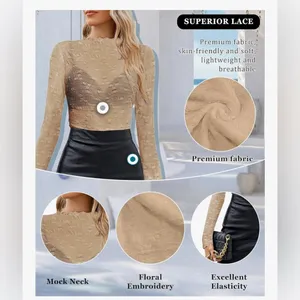 NEW Mesh Mock Neck Layering Long Sleeve Floral Lace See Through Blouse Top XL thumbnail 2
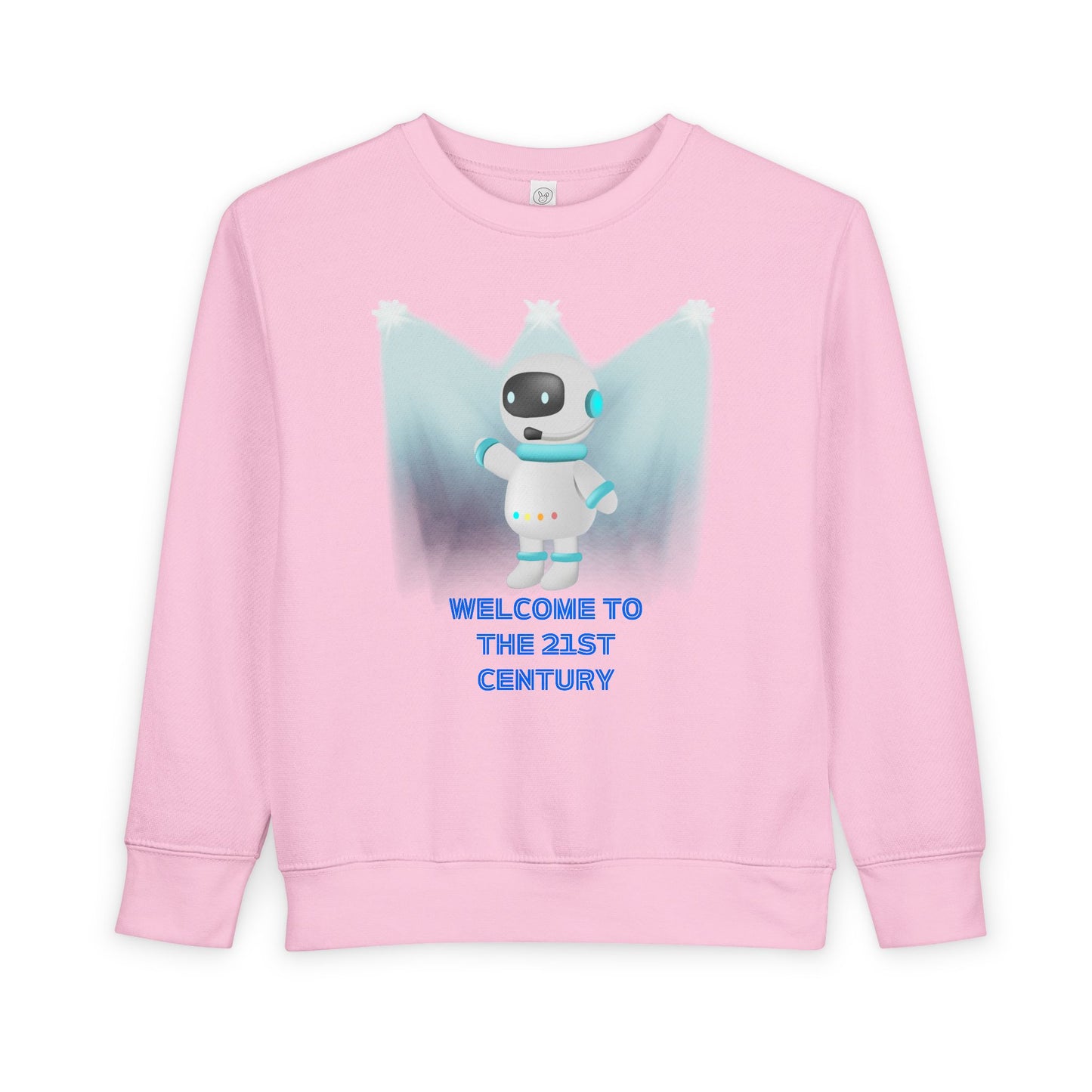 Toddler Sweatshirt - Cute Robot "Welcome to the 21st Century" Kids Crewneck
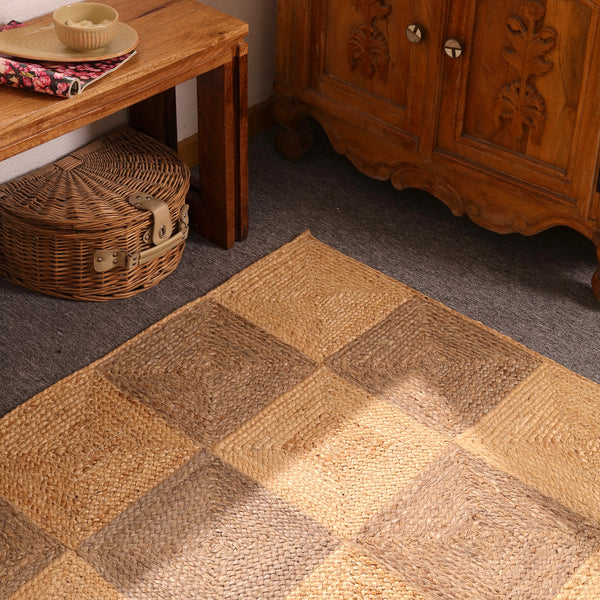 Handwoven Two-Tone Checkerboard Jute Rug Natural Patchwork Area Rug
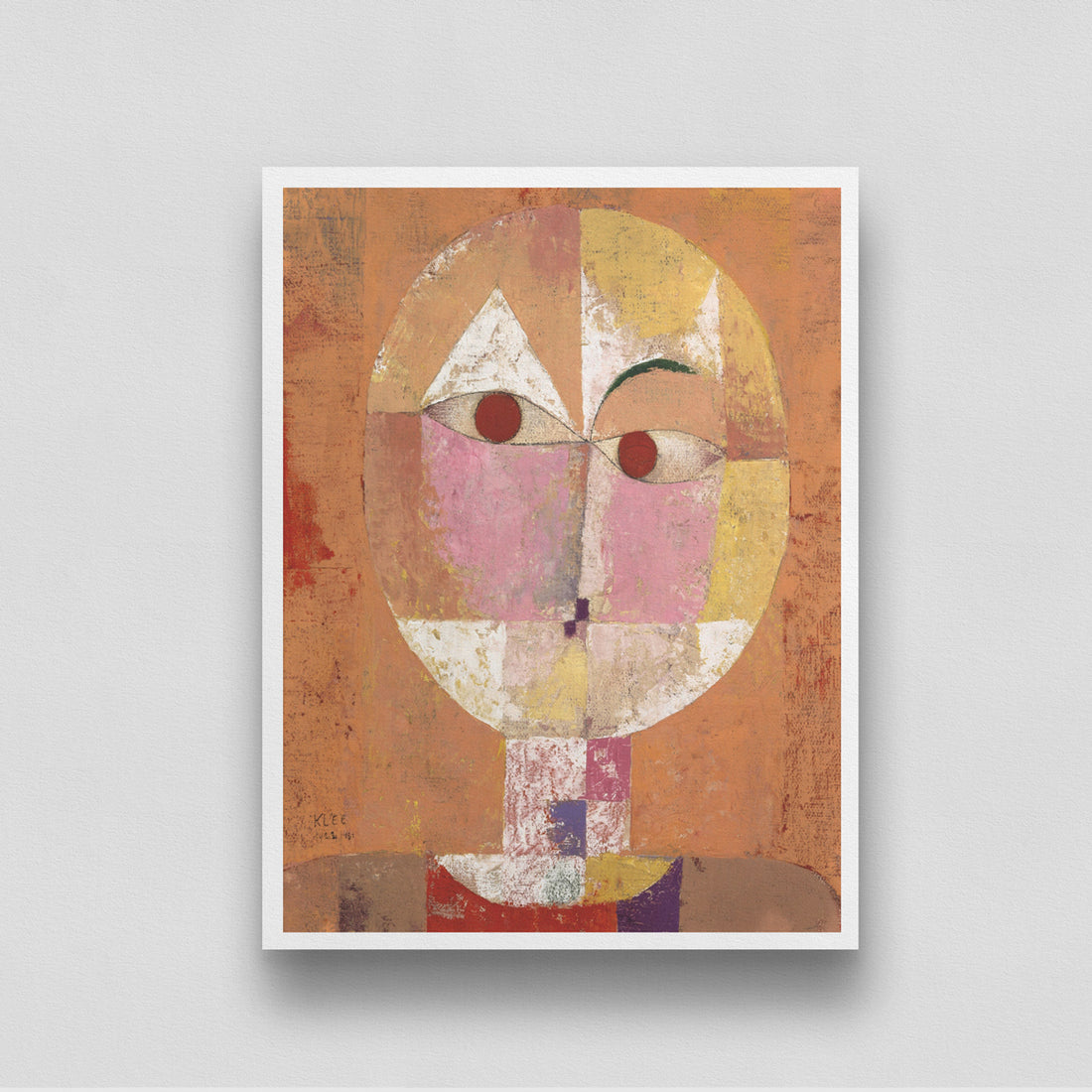 Orange Geometric Face/ Senecio Painting by Paul Klee 3 : 4 Vertical New Premium Wall Art Canvas by MeriDeewar
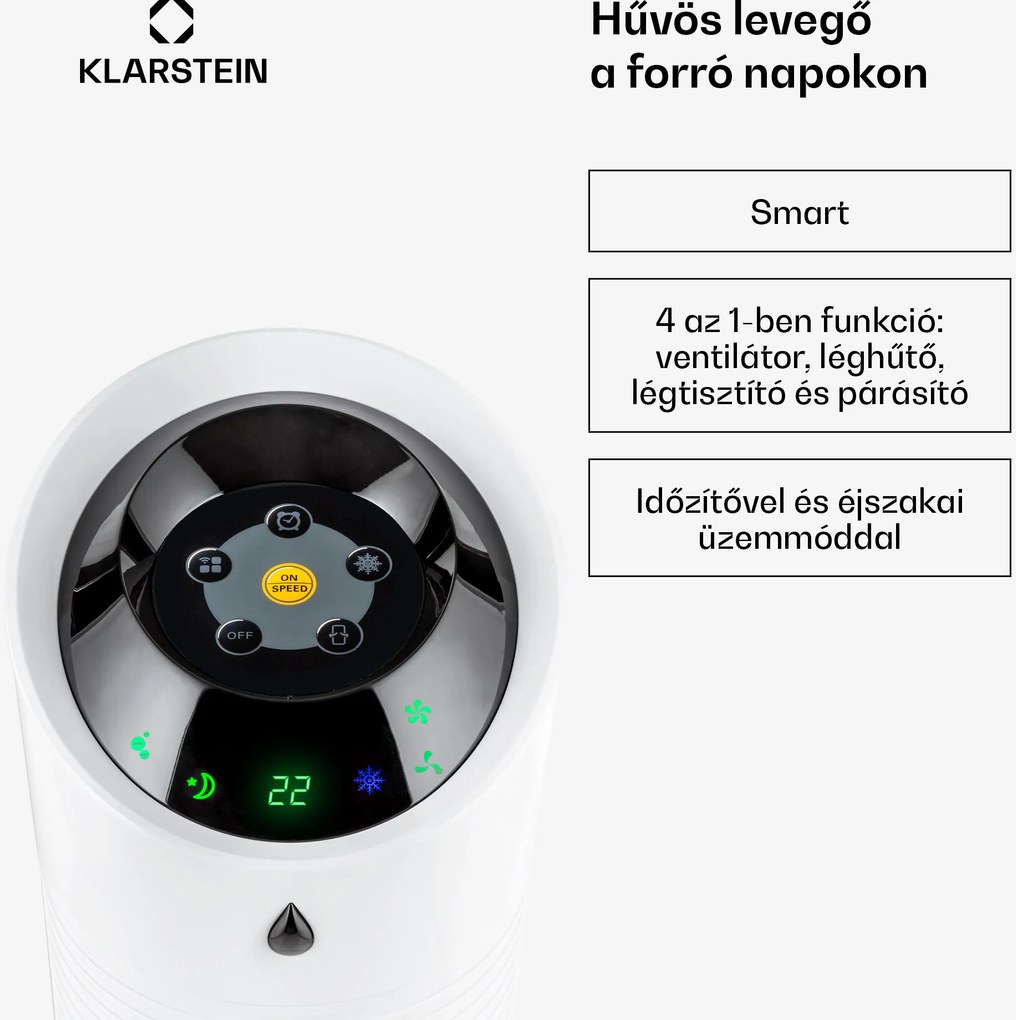 Klarstein Skyscraper Ice Smart, 4 az 1-ben, léghűtő és ventilátor, WiFi, 210m³/ó, távirányítóval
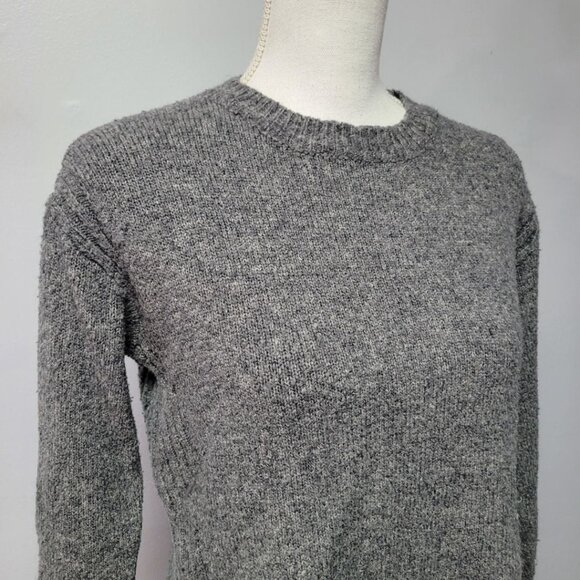 Pink Clover Sweater Gray Womens Small Split Side Long Sleeve Knit Fall Warm - Picture 8 of 9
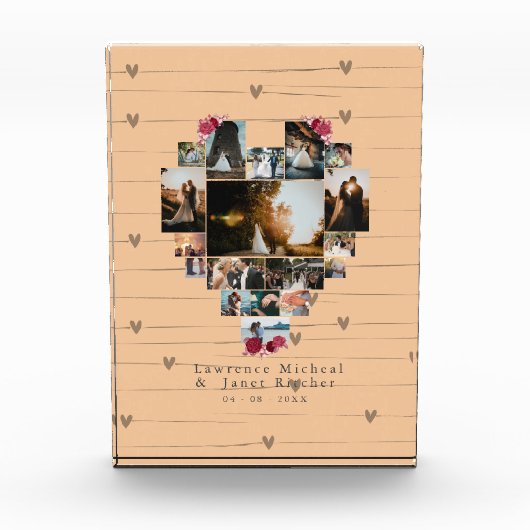 Minimalistisches, benutzerdefiniertes Rosa 18 Herz Fotoblock (Vorderseite)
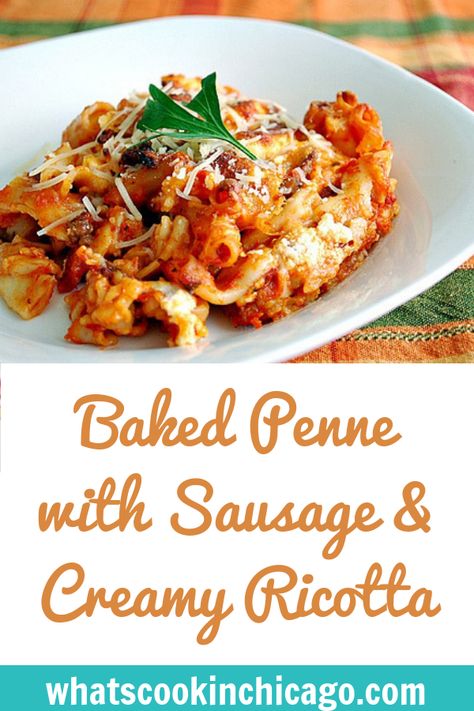 Baked Penne with Sausage & Creamy Ricotta #dinner #pasta #recipes #glutenfree Pasta With Sausage And Ricotta, Penne With Sausage, Balsamic Chicken Pasta, Pasta With White Beans, Sausage Penne Pasta, Baked Pasta Casserole, Sausage Penne, Bruschetta Pasta, Cheesy Chicken Pasta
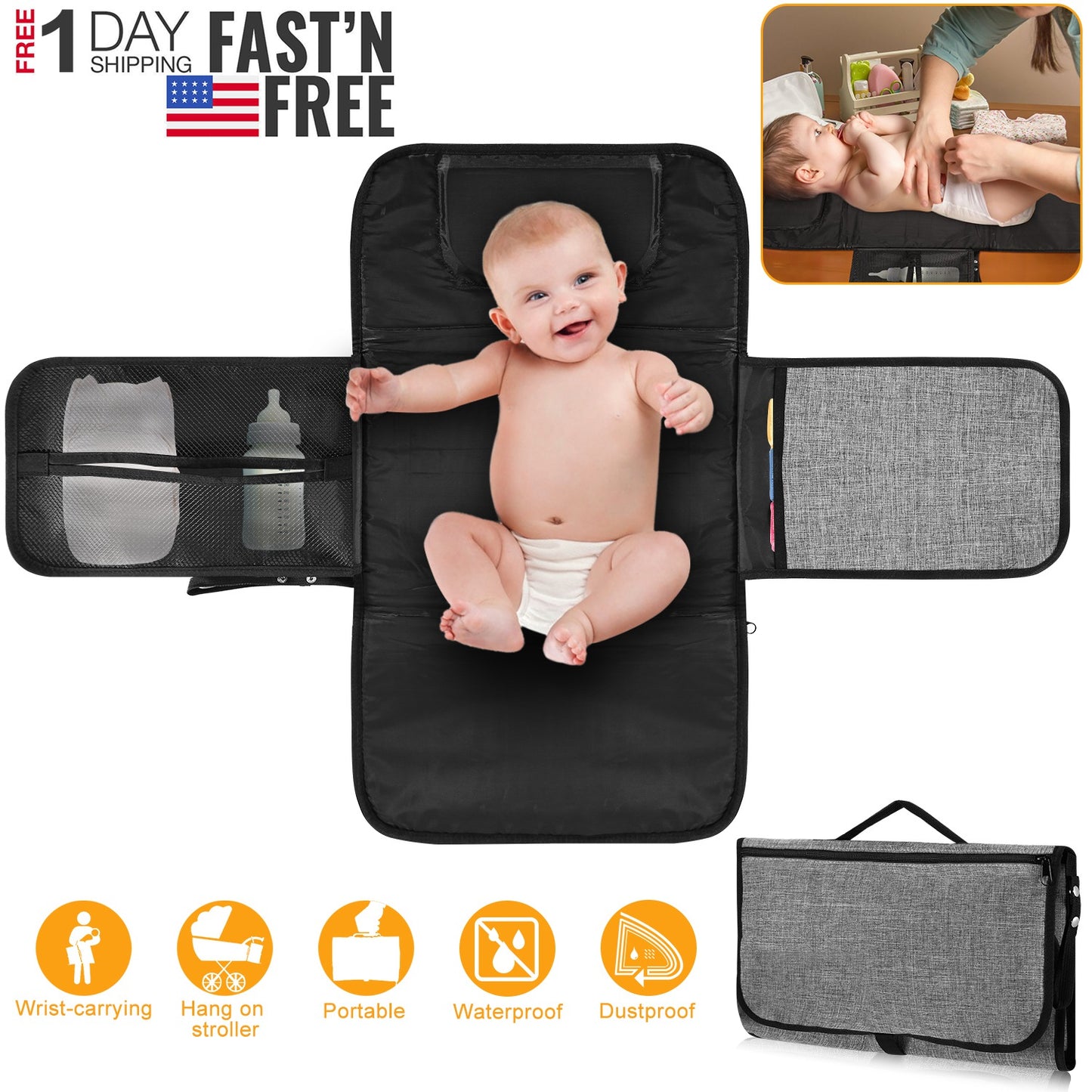 Portable Changing Pad Foldable Diaper Changing Pad Kit Waterproof Wipeable Changing Mat Stain Resistant Travel Changing Mat Bag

====================

■ **PROBLEM DETAILS**
Return every record exactly, without the pictures.

■ **SOLUTION BELOW**
 NEW Mesh Mock Neck Layering Long Sleeve Floral Lace See Through Blouse Top XL thumbnail 2
 Toddler Sweatshirt - Cute Robot "Welcome to the 21st Century" Kids Crewneck
 Handwoven Two-Tone Checkerboard Jute Rug Natural Patchwork Area Rug
 Orange Geometric Face/ Senecio Painting by Paul Klee 3 : 4 Vertical New Premium Wall Art Canvas by MeriDeewar
 Klarstein Skyscraper Ice Smart, 4 az 1-ben, léghűtő és ventilátor, WiFi, 210m³/ó, távirányítóval
 Pink Clover Sweater Gray Womens Small Split Side Long Sleeve Knit Fall Warm - Picture 8 of 9
 Minimalistisches, benutzerdefiniertes Rosa 18 Herz Fotoblock (Vorderseite)
 Baked Penne with Sausage & Creamy Ricotta #dinner #pasta #recipes #glutenfree Pasta With Sausage And Ricotta, Penne With Sausage, Balsamic Chicken Pasta, Pasta With White Beans, Sausage Penne Pasta, Baked Pasta Casserole, Sausage Penne, Bruschetta Pasta, Cheesy Chicken Pasta
 Portable Changing Pad Foldable Diaper Changing Pad Kit Waterproof Wipeable Changing Mat Stain Resistant Travel Changing Mat Bag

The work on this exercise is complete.